The government is actively promoting the growth of the AI toy sector, recently announcing initiatives to encourage collaboration between toy manufacturers and AI developers. Last year, the industry was valued at approximately 24.6 billion yuan (around $3.48 billion), and growth is expected to continue, reaching an estimated 29 billion yuan this year, according to the Ministry of Industry and Information Technology.
Sales of AI toys saw a remarkable increase in the first half of this year, tripling compared to the same period last year and increasing sixfold from the second half of the previous year, according to data from a major e-commerce platform.
Huawei’s first AI-driven emotional companion designed for children, Clever Buddy, has become a top seller. Priced at just 399 yuan (about $56), it sold out almost immediately after its launch on November 28.
In Shenzhen’s popular Huaqiangbei electronics market, most AI toys priced above 200 yuan (roughly $28) rely on off-the-shelf large language models like ByteDance’s Doubao. These basic models typically provide simple features such as chat, storytelling, long-term memory, and voice calls, the Securities Times reported.
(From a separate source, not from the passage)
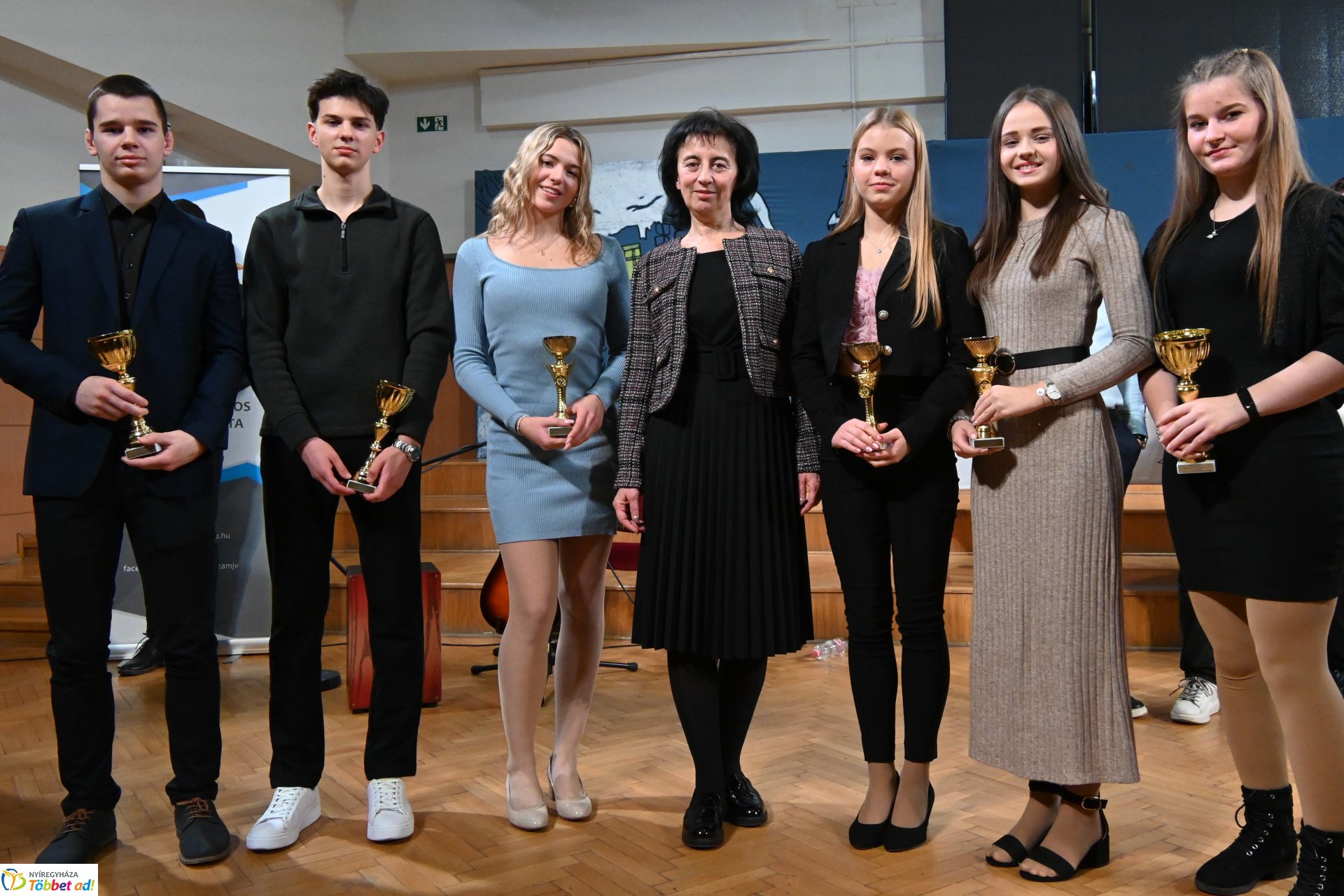 Városi Diáksport Gála 2024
Higher-priced models incorporate additional hardware like cameras, allowing them to recognize human emotions through facial expressions. Sellers in the market note that converting traditional plush toys into “AI toys” can be as simple as adding a chip module, sensors, and batteries. The core chip can cost as little as 20 yuan (around $2.83).
Consumers have expressed dissatisfaction online, claiming that many AI toys often repeat the same stories and lack the promised long-term memory or emotional interaction capabilities. A shop owner on a popular e-commerce platform stated that initial return rates reached as high as 40%, though that number has since decreased to below 20%. Still, returns remain an ongoing issue.
Industry experts predict a major shake-up in the market next year as many manufacturers struggle with high hidden costs. Developing and maintaining cloud infrastructure, content moderation, and ensuring privacy compliance all eat into profit margins, according to Luke Lin, founder and CEO of Lockin.
Lin identified three categories of companies expected to survive: large consumer electronics firms like Huawei and Xiaomi, content creators such as The Lego Group and Disney, and service providers focusing on vertical scenarios such as early education, chronic illness support, and elderly care.